Dies umfasse insbesondere die Pflicht Räume so einzurichten und zu unterhalten, dass die Arbeitnehmer gegen Gefahr für Leben und Gesundheit geschützt sind. Auch das ArbSchG schreibe dem Arbeitgeber Maßnahmen vor, um die Sicherheit der Beschäftigten zu garantieren. Dazu könne er von seinem Weisungsrecht gemäß § 106 Satz 2 der Gewerbeordnung (GewO) Gebrauch machen und in eigenem Ermessen Maßnahmen festsetzen.

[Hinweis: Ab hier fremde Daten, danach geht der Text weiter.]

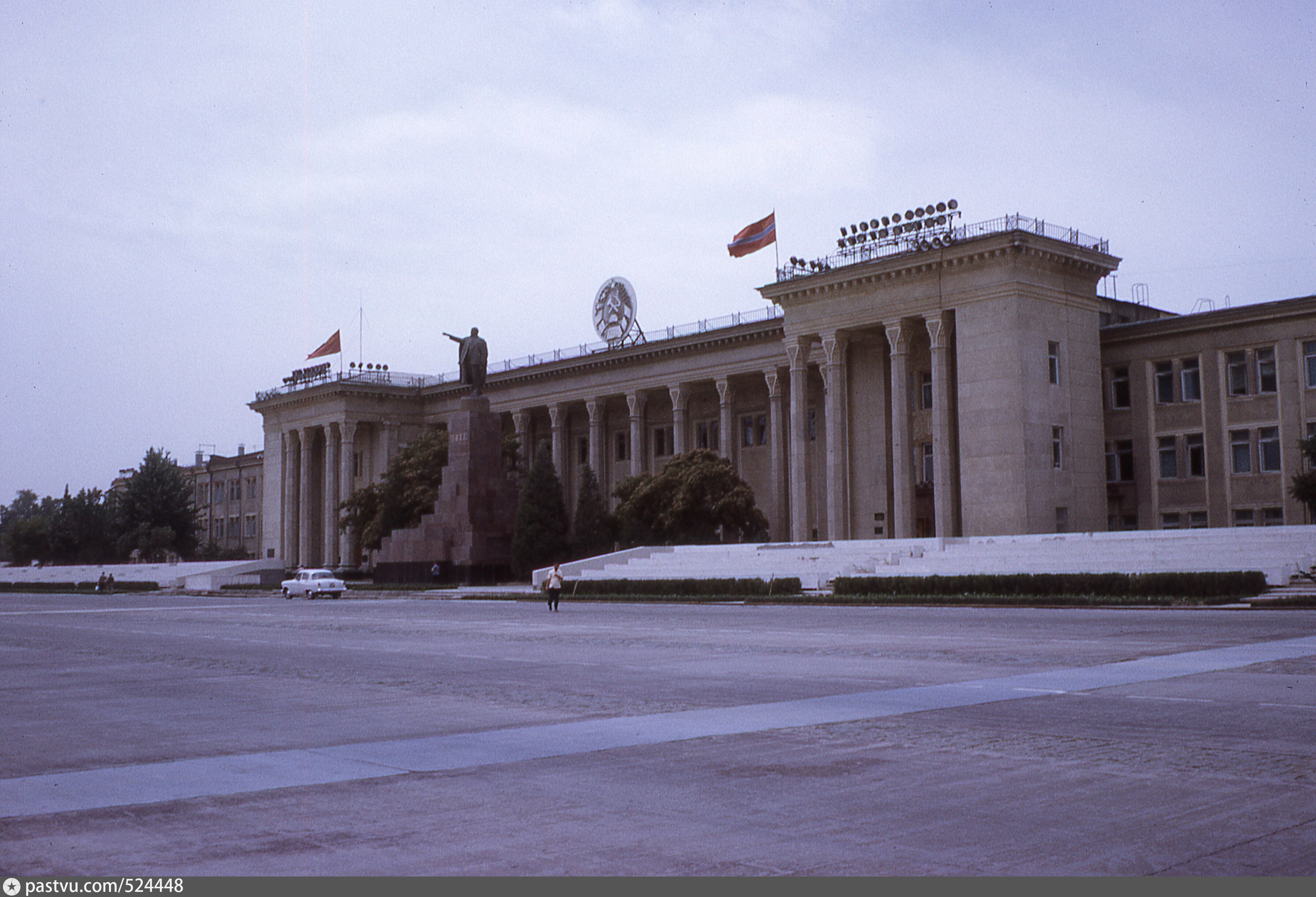 Ташкент ссср. Ташкент площадь Ленина 1975. Площадь Ленина в Ташкенте ССР. Ташкент 1968. Ташкент дом правительства СССР.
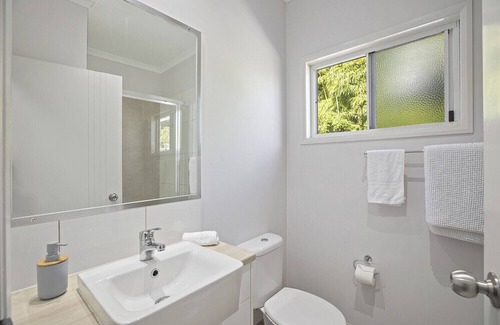 Scotts Head House | OAHU, part of the Ohana Surf Bungalows (<5 minute walk to beach and shops).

Organisatorische Maßnahmen nicht ausreichend
Damit die Maßnahme innerhalb des Ermessensspielraum der Staatsoper liegt, müsse den Richtern zufolge zunächst eine organisatorische Maßnahme in Betracht gezogen werden. Dies hatten die Verantwortlichen getan und zunächst den Umbau des Bühnenraums und Anpassungen bei den aufzuführenden Stücken ergriffen, diese aber als nicht als ausreichend erachtet.
Sodann habe sie – auch um den Vorgaben der Sechsten Bayerischen Infektionsschutzmaßnahmen-Verordnung zu genügen – mit wissenschaftlicher Unterstützung durch das Institut für Virologie der Technischen Universität München und das Klinikum rechts der Isar ein Hygienekonzept erarbeitet, das für Personen aus der Gruppe der Orchestermusiker PCR-Tests alle ein bis drei Wochen vorsah.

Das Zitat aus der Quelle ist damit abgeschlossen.